START Supplied information

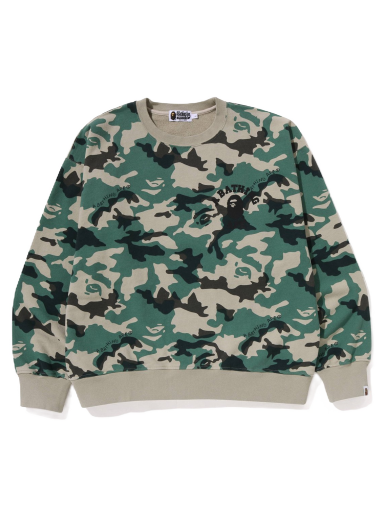 Sveter BAPE Woodland Camo Loose Fit Crewneck Zelené | 1J30-113-011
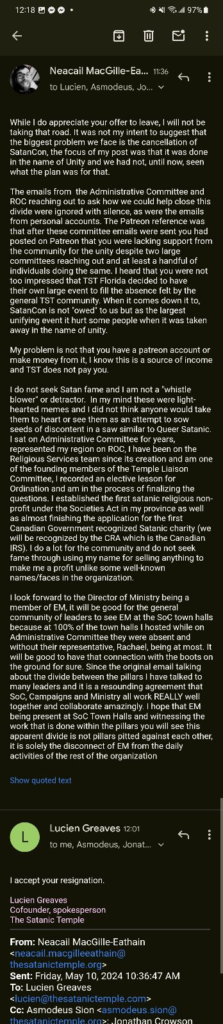 Neacail MacGille-Eathain email response, and Lucien Greaves firing him via email reply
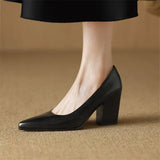 Zella Genuine Leather Heels - Black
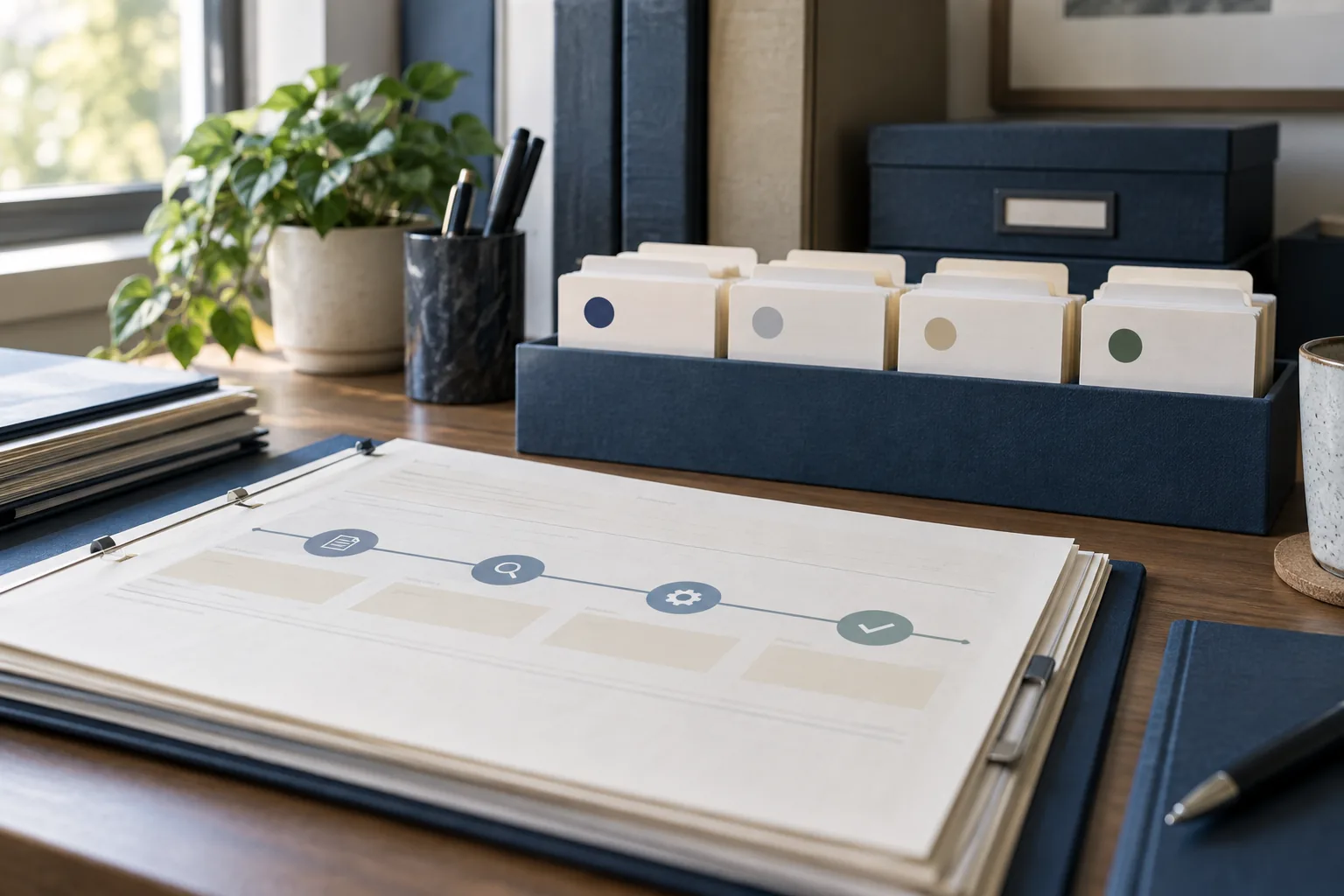 Anonymous case-status cards beside a paper docket timeline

END Supplied information

## Work instructions
Excluding pictures, reproduce the listing above exactly as it stands.

## Answer box
 Sveter BAPE Woodland Camo Loose Fit Crewneck Zelené | 1J30-113-011
 Neacail MacGille-Eathain email response, and Lucien Greaves firing him via email reply
 Zella Genuine Leather Heels - Black
 Anonymous case-status cards beside a paper docket timeline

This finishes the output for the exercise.